Buenos proyectos de seguridad colectiva comprensiva, como la Organización de Seguridad y Cooperación en Europa (OSCE, 1990), poco apreciada por Estados Unidos y los atlantistas europeos ultramontanos, nació sólo cuando la OTAN había asegurado no sólo su supervivencia, sino su expansión. A la OSCE se asignó la protección de minorías y se la llevó más allá del Cáucaso. Uno de sus representantes, por cierto, firmó con Ucrania, Rusia y los líderes separatistas del Donbass los acuerdos de Minsk II, pronto incumplidos.
En 1999, el llamado «Nuevo Concepto Estratégico» de la OTAN fue más lejos. La Organización, concebida en origen como una alianza de defensa en el marco de Naciones Unidas, trocaba en mecanismo de intervención armada en cualquier parte del mundo donde considerara afectados sus intereses de seguridad, bajo el control exclusivo de sus propios órganos. Estados Unidos maniobró, por otro lado, para impedir una identidad europea de defensa al margen de la OTAN. En ésta el brazo europeo siempre estaría subordinado a Estados Unidos sin cuyo consentimiento nada se mueve.
El giro copernicano que el presidente Trump ha dado a la política de los Estados Unidos en Ucrania ha sumido en el desconcierto y la frustración a los miembros de la Alianza. La guerra de Ucrania era una guerra de la Alianza, que ahora abandona su hegemon y principal responsable en un ataque de sentido practico y común. Tienen que improvisar la Europa de la defensa que declinaron durante más de cincuenta años y cabe preguntarse si acaso no sería más constructivo, en lugar de invertir en la confrontación, hacerlo en la articulación de ese sistema de seguridad integrado al que no se le ha querido dar una oportunidad real en el pasado por motivos bastante obscenos.
Hace apenas medio año, los miembros de la ONU suscribían en Nueva York un bellísimo Pacto de Futuro, un cuento de hadas, tan distante de la realidad que sonroja considerar lo panolis que nos consideran sus firmantes.
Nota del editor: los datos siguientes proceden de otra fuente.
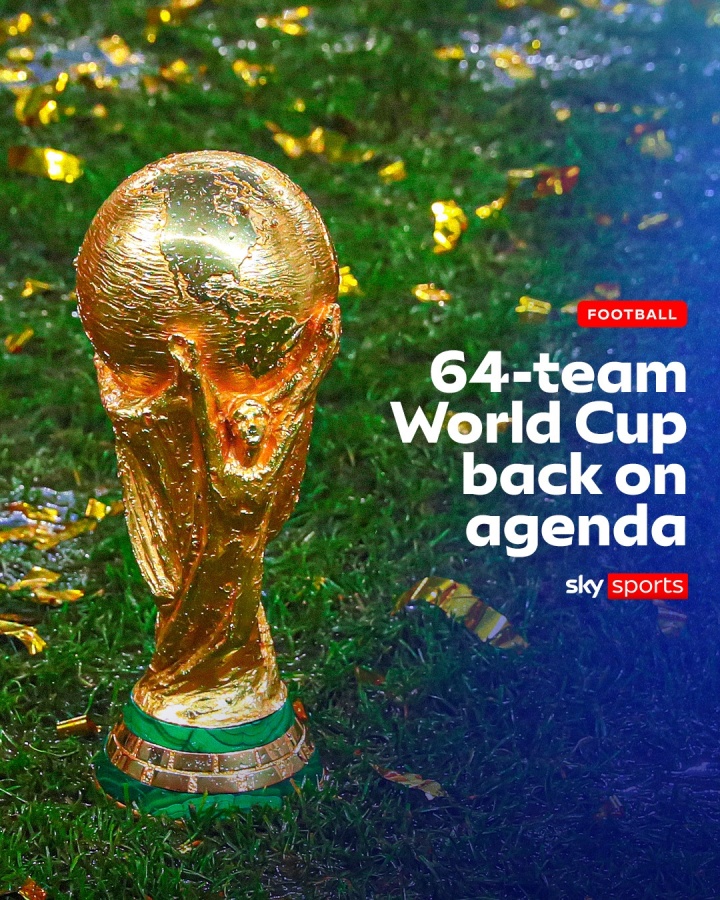 FIFA文件曝光:世界杯64队扩容提速 中国印度意大利全遭热议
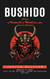 Bushido: A Code of Virtue for a World on a New Economic Standard (Embracing the Samurai Spirit for Goal Achievement, Personal and Professional Excellence)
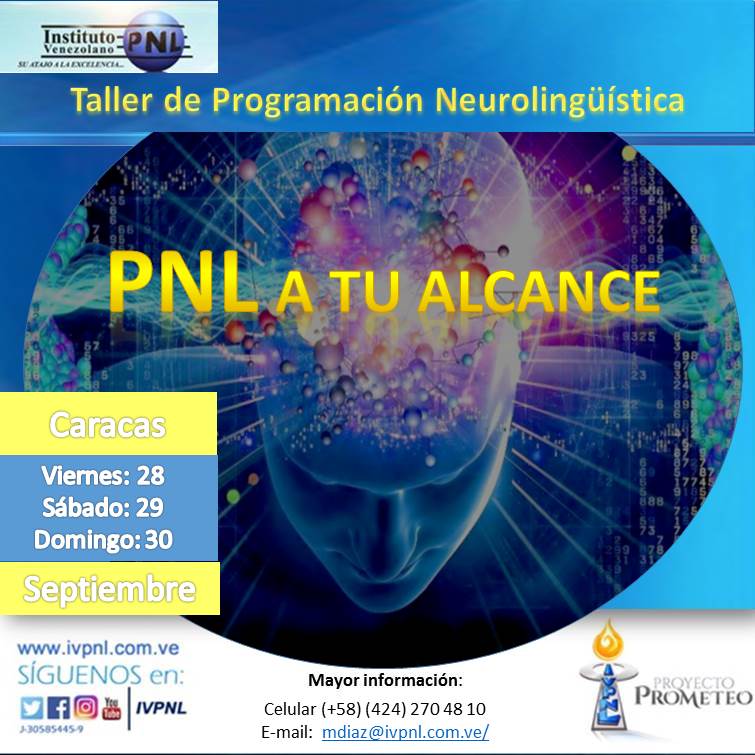 PNL_CCS's tweet photo. PNL A TU ALCANCE TALLER DE PROGRAMACIÓN NEUROLINGÜÍSTICA Fechas:   Viernes: 28; Sábado: 29; y Domingo: 30 de Septiembre (0424) 270.48.10  #PNL #HerramientaPoderosa #PracticanteEnPNL #Cursos #Coaching #Formaciones #Taller #éxito #excelencia #Caracas #PnlCaracas https://t.co/cxvE1cqW5g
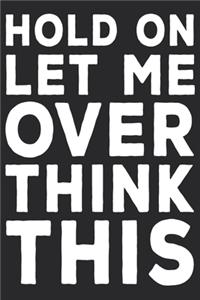 Hold On Let Me Overthink This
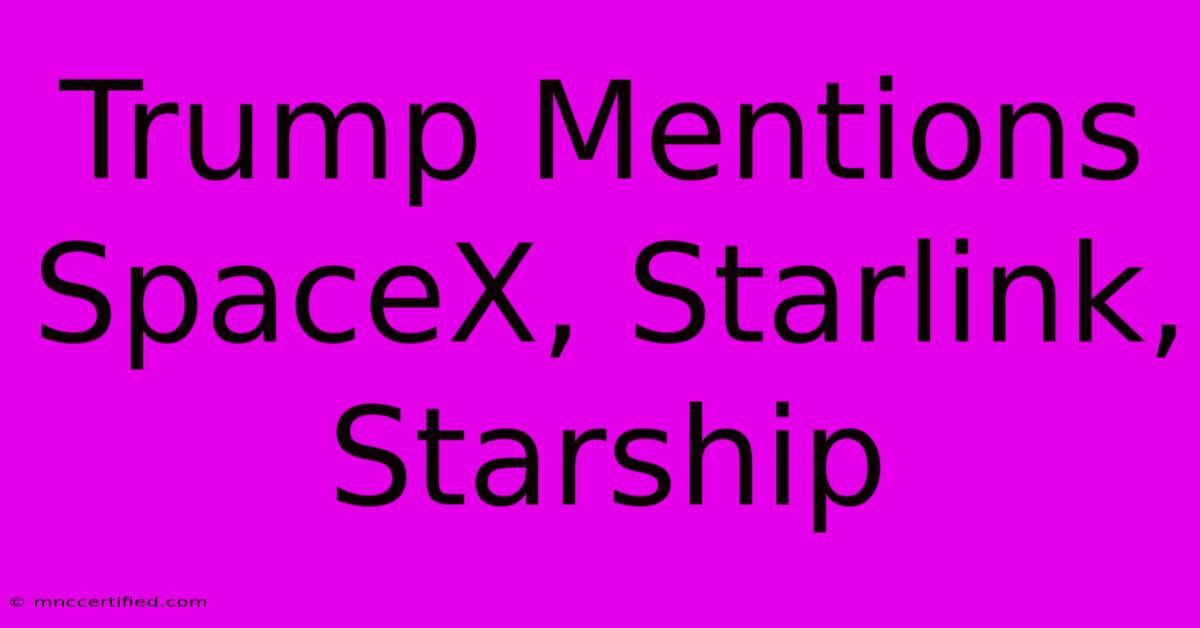 Trump Mentions SpaceX, Starlink, Starship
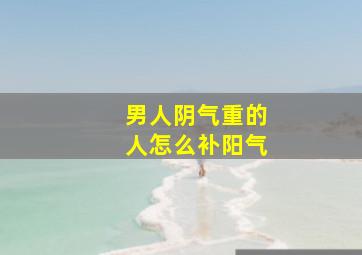 男人阴气重的人怎么补阳气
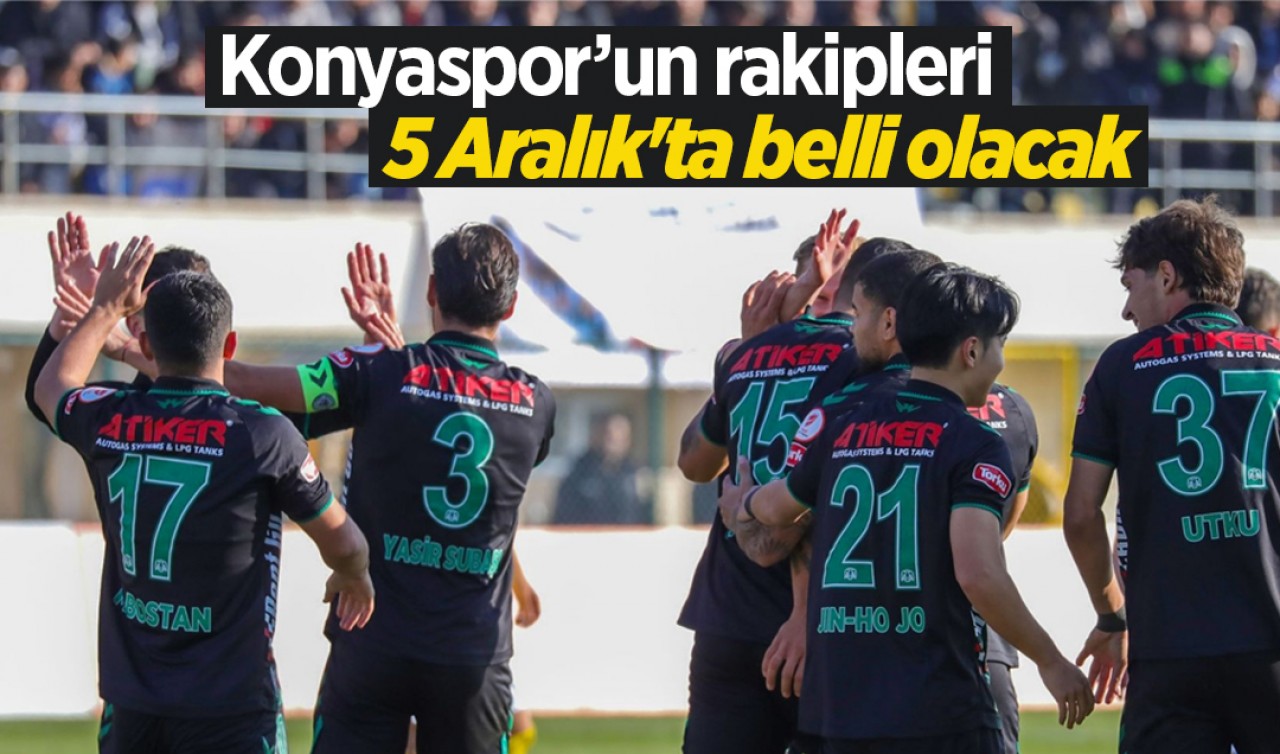 Konyaspor’un rakipleri 5 Aralık'ta belli olacak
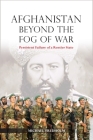 Afghanistan Beyond the Fog of War: Persistent Failure of a Rentier State (Nias Monographs #143) By Michael Fredholm Cover Image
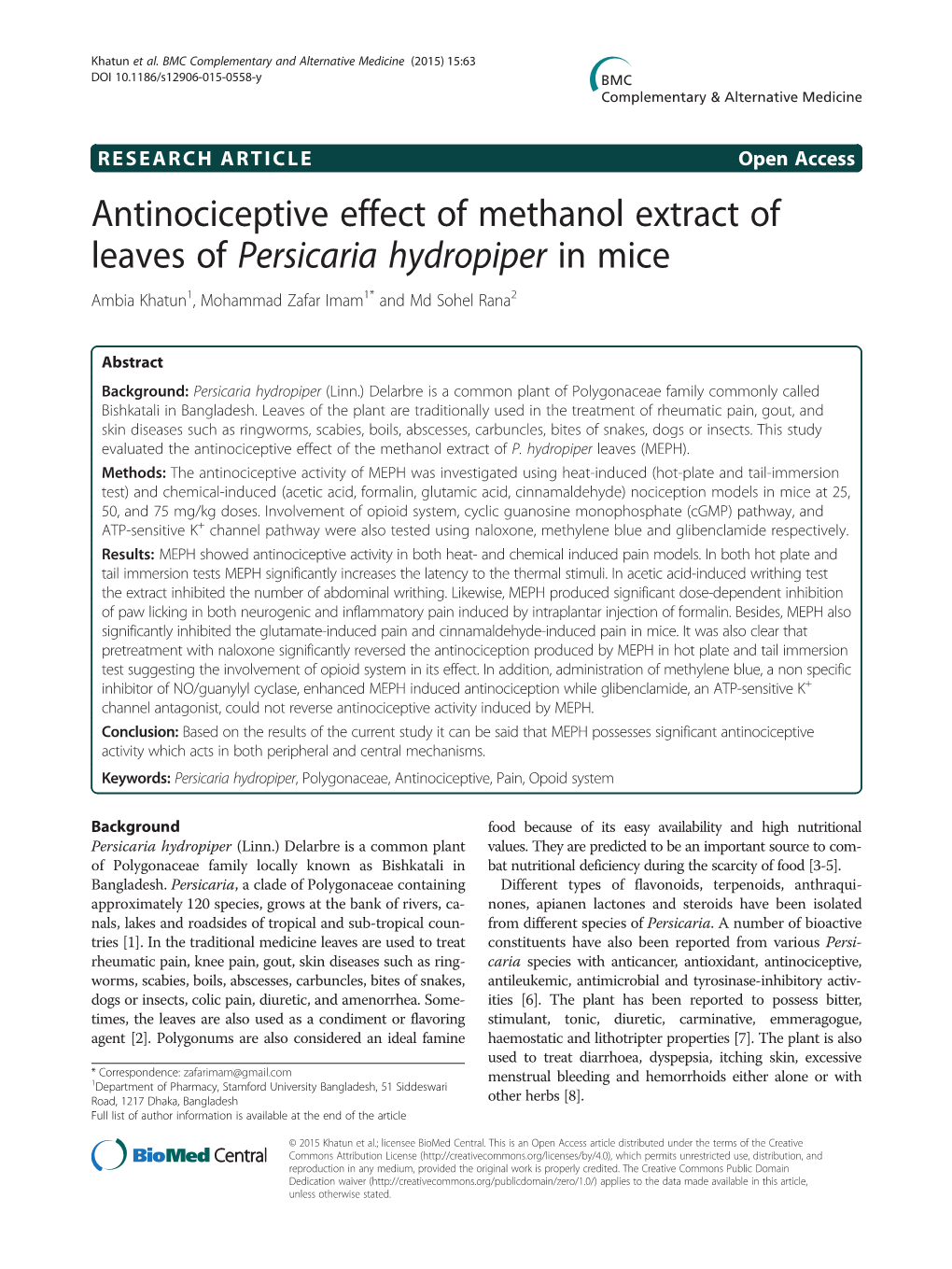 Antinociceptive Effect of Methanol Extract of Leaves of Persicaria Hydropiper in Mice Ambia Khatun1, Mohammad Zafar Imam1* and Md Sohel Rana2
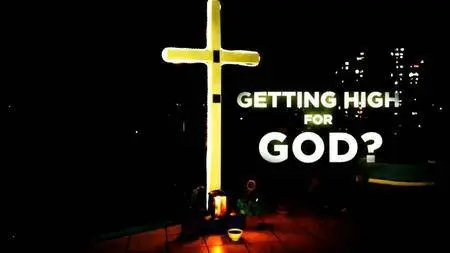 BBC - Getting High for God? (2016)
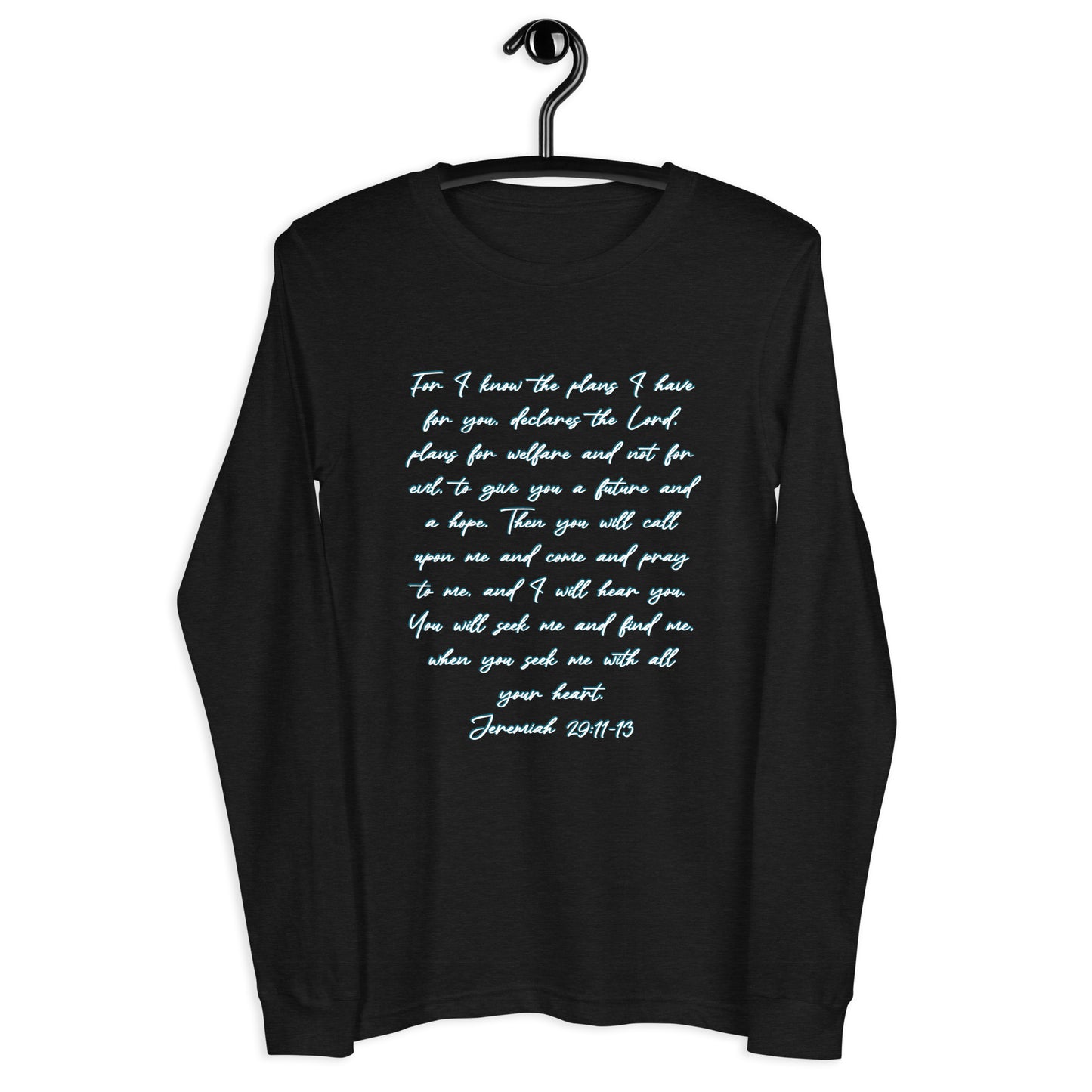 Jeremiah 29:11-13 Long Sleeve Tee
Vivíamos por el contrario una especie de renacimiento de ese Derecho Internacional de los países civilizados que articuló legalmente el colonialismo y el imperialismo en la segunda mitad del siglo XIX. Animados por la estampa híbrida de monjes y soldados que ofrecían los gobiernos del primer mundo la doctrina se empeñaba en la prédica del nuevo y discriminador orden de los escogidos, enfático en los principios humanitarios y descuidado en la creación y conservación de instituciones internacionales para servirlos, flamígero en la condena de los crímenes y saboteador de los tribunales que pudieran sentar en el banquillo de los acusados a sus sacerdotes, creyente en la incapacidad intrínseca de los países democráticos para el crimen. El Derecho Internacional debía retroceder a sus legítimos dueños para ser el instrumento canalizador de sus intereses mediante el juego de la diplomacia y la fuerza o, mejor, de la fuerza y la diplomacia. Estados Unidos va a lo suyo. Siempre ha sido así, pero ahora lo hace de forma más descarada. Sin envoltorios retóricos ni formatos consultivos. Unilateralismo en estado puro.